Kur’an bize Firavun’un zorbalığı altında inleyen ve kurtulmak için acele eden İsrailoğullarının kıssasını anlatıyor. Allah, düşmanları olan Firavun ve ordusunu yok edip onları kurtarınca İsrailoğulları kendilerini özgürlüğe kavuşmuş olarak buldular. Firavun’dan yeni kurtulan bu insanlar “şunlarınki gibi bize de ilahlar yap” diyerek Musa’dan yeni rabler talep ettiler.
Bu kıssadan alacağımız birinci ders, zalimlere ve Firavunlara karşı uzun süren kulluk zamanla kölelerin ruhunda bir iz, ülfet ve bağlılık peyda eder. Zillete alışanın özgürlük güneşini kucaklaması mümkün değildir. Boyundaki zincirler çıkarılsa, yeni zincirler takmak için kendisi çaba gösterir. “Biz onların boyunlarına öyle boyunduruklar geçirdik ki, çenelerine dayanır da başları havaya dikili kalır”. Dolayısıyla boyunduruğa alışmış olduğundan kendi kararına sahip ve özgür bir şekilde yaşamayı becermez.

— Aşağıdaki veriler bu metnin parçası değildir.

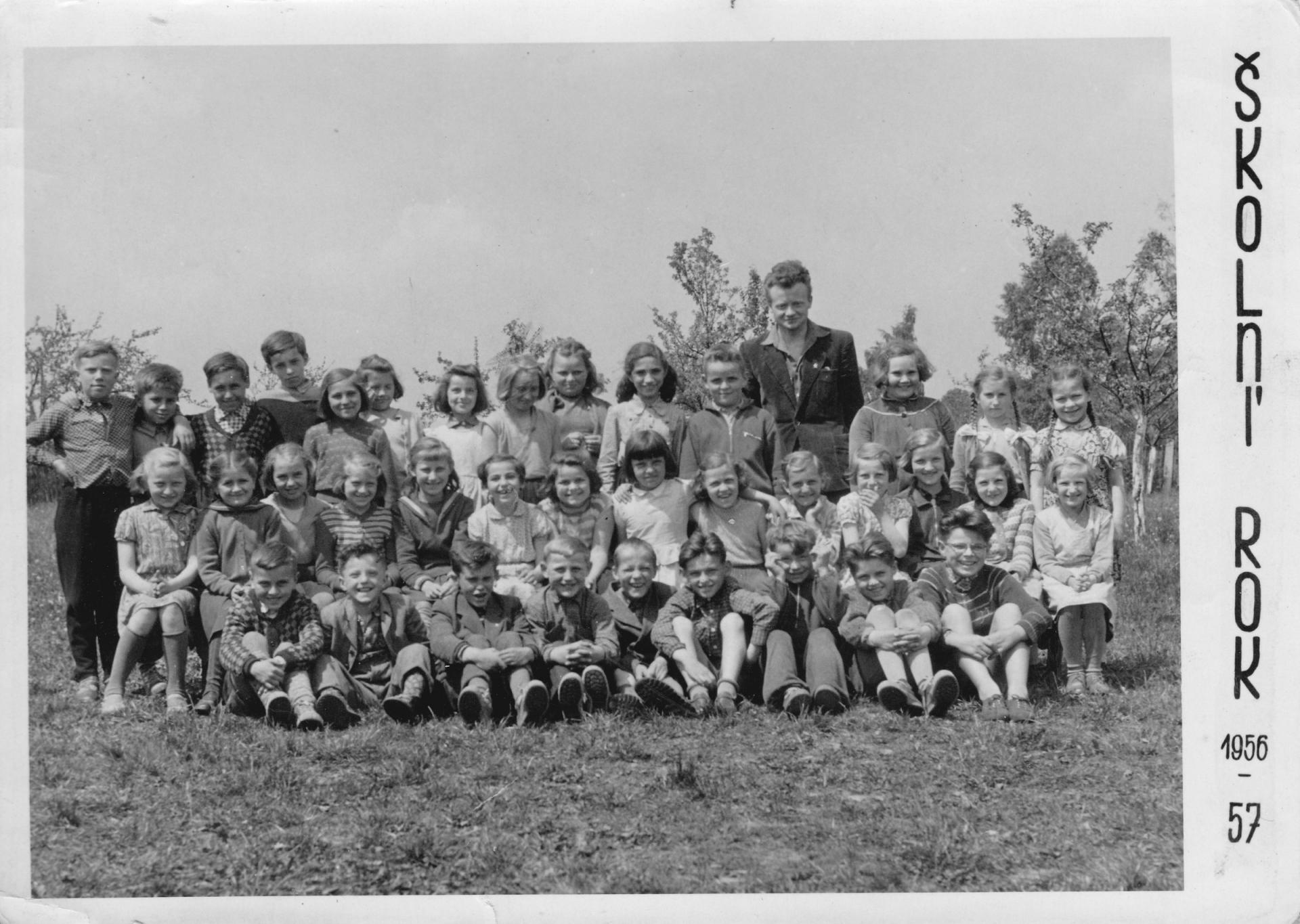 Školský rok 1956/57.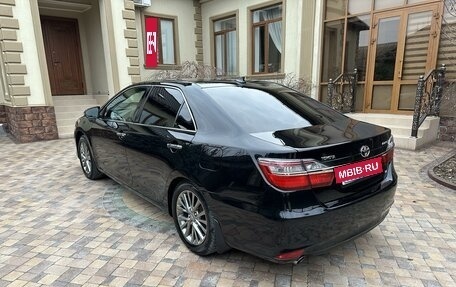 Toyota Camry, 2016 год, 2 650 000 рублей, 13 фотография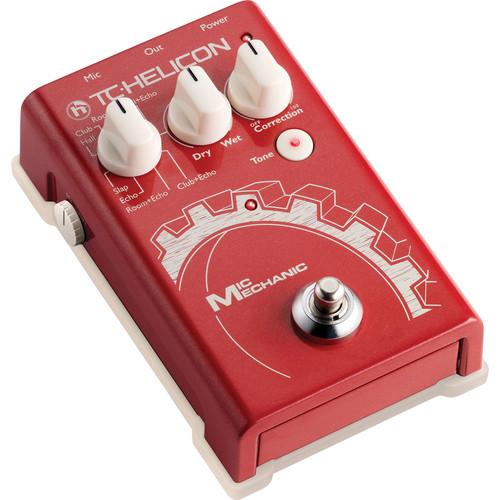 TC-Helicon Mic Mechanic - Vocal Toolbox Floor Pedal 996013005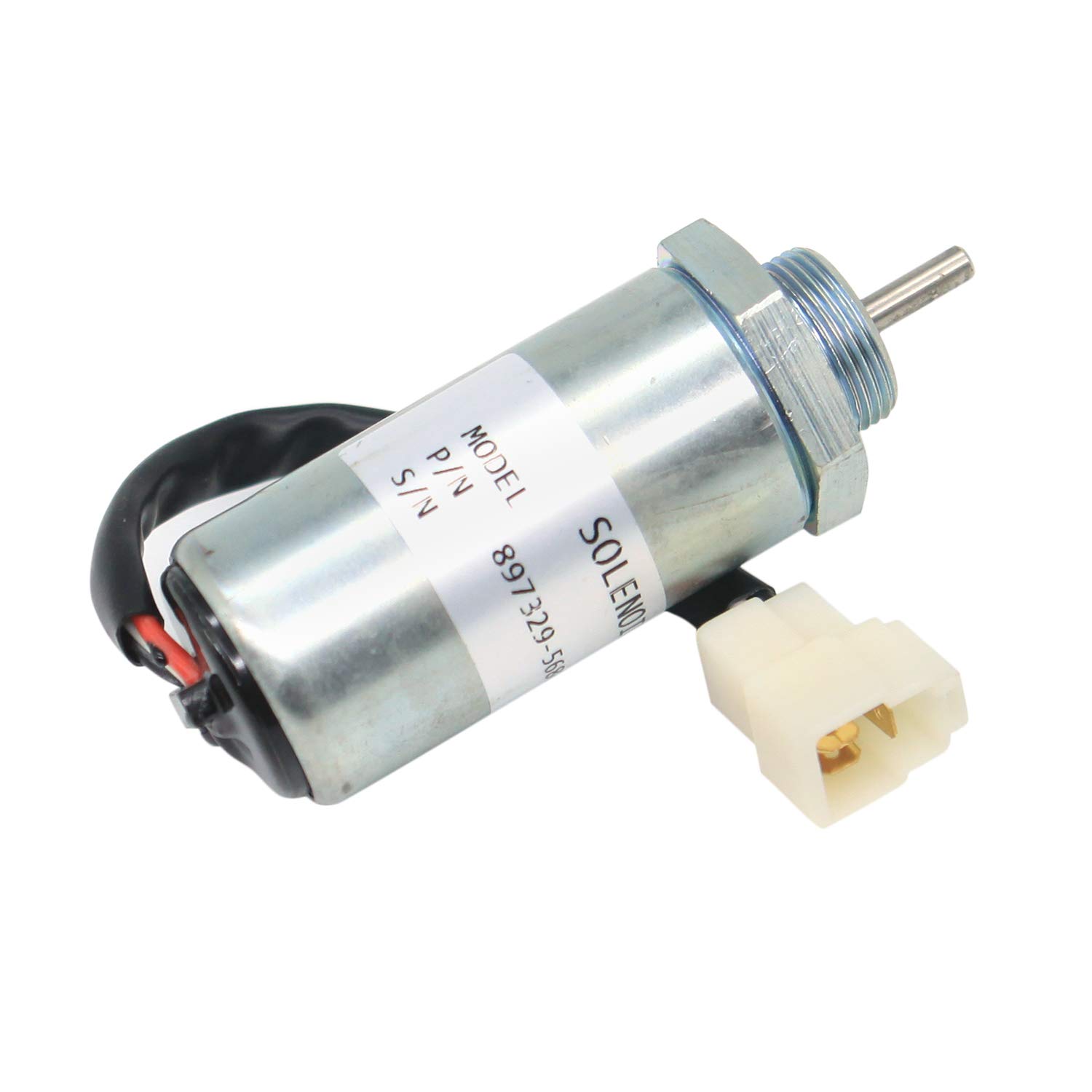 Solenoide Di Spegnimento Carburante Per Escavatori Doosan Daewoo - Ricambio Compatibile Con Modelli Solar 030 E 035 - Foto 10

Ayeti kerime genelde Arap dünyasına özelde ise Mısır realitesinin içine nüfuz etmemizi sağlıyor. Baksanıza, Suriye’deki durumla kıyaslandığında bedel bile sayılmayacak kadar az bir bedelle özgürlüğe kavuşmuş Mısır halkından bir kısmı çok geçmeden karanlık diktatörlük dönemine özlem duymaya, siyasi rakipleriyle baş edemeyenlerin askeri diktatörlüğe prim vermeye başladığını görüyoruz. Hâlbuki seçimle gelen birini, en fazla dört sene sonra yine seçim yoluyla değiştirme yolu açık.
Acı veren durum “yoksa siz değersiz olanı daha hayırlı olanla mı değiştirmek istiyorsunuz” gerçeğidir. Tutuklunun zindandan çıktıktan sonra tekrar kendini zindana atması gibi bir şey. Arap halkları gerçekten özgürlük ve onuru, bunların kutsiyetini anladılar mı? Gerçekten bunu anlasaydı, hiçbir şekilde bunu pazarlık konusu yapmazlardı.
Özgürlüğü kalbinde hisseden ve tatlılığını tadan biri, neye mal olursa olsun bunu pazarlık konusu yapmaz. Mal, mülk, ekonomik refah, güvenlik ve istikrar gibi hiçbir neden özgürlükten vazgeçmek için bahane olmamalıdır. Erik Hoffer’in dediği gibi, özgürlük kadar insana yakışan bir güzellik yoktur. Malcom X ise “barışı özgürlükten ayıramazsın. Çünkü bir insan özgür olmadan başkasıyla barış içinde yaşayamaz” diyor.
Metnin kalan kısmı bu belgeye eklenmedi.